You might imagine my dismay when I showed up at 4:30 pm to pick him up and this is what he looked like!!
GASP!!!! then GASP AGAIN!! I then started praying in my head that this was one of those silly dreams I have. I once dreamt that I was inside a Super Mario Bro. game. That's the kind of dream I mean. The, "thank God that wasn't real" dream. OH, but it wasn't a dream!!!! This was undeniably and certifiably real. I was sitting (and I was so happy that I was) when they TRIED to hand his leash to me.
Come on......REALLY? PEOPLE....THERE IS A BUTTON IN HIS EYE!!!!! I guess I didn't know what to expect.
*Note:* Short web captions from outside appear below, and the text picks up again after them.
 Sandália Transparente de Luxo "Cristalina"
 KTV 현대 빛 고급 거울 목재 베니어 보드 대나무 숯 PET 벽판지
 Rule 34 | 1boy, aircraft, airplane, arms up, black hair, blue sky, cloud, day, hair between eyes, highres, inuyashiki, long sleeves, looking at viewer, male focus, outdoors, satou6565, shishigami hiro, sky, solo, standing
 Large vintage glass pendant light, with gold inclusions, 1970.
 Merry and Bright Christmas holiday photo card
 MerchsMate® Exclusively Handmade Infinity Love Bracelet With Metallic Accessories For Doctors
When they said button, I thought that was a "vet term" for some little (UNNOTICEABLE) trinket. No, no, no.....this was a button. The kind that keeps you pants on. A BUTTON!!! Do you understand what I'm saying friends? Oh, I could just cry!!!
I hear you guys asking me...."Is this going to have to stay on his eye for the rest of his life"? The answer is no. Only 7 to 10 days. I have to apply a salve three times a day INSIDE (gag me) his eye. Then to top it all off, he has to wear the CONE OF SHAME.
So, after the initial shock, I am finally starting to see the humor in all this. Gus is frustrated to the point of saying four-letter-words. He cannot eat, drink or climb steps without assistance. Since he is built a little like a cinder block, this is not an easy task. He made sounds similar to Chewbacka when he couldn't turn around in his usual resting spot. Then let's not forget that he cannot get into his cage, which he strangely loves.
Then, Congo the cat, who normally wouldn't choose to be within 50 feet of the dog, is wanting to stalk him. Congo has figured out that Gus can no longer see behind him. This poses as an advantage to the sneaky bully. He is creeping behind Gus, then startling him. Meowing, pawing his back or whatever he can do to irritate him. I would punish Congo but I'm afraid that he owes Gus a few scares. Sorry if that seems cruel.
Look very closely in the background. The stalker has been caught in action!!!!
It really isn't fair. I'm so sorry Gus. I might want to gag when I see you, but I do love you. I understand that you are really peeved right now. When this is over, I will buy you a greasy double cheeseburger from Mickey D's.
I may write a memoir about you. Instead of Marley "the world's worst dog", you would be Gus, "the world's most expensive dog". Good thing Rick loves you too, he's footing your bills!!!!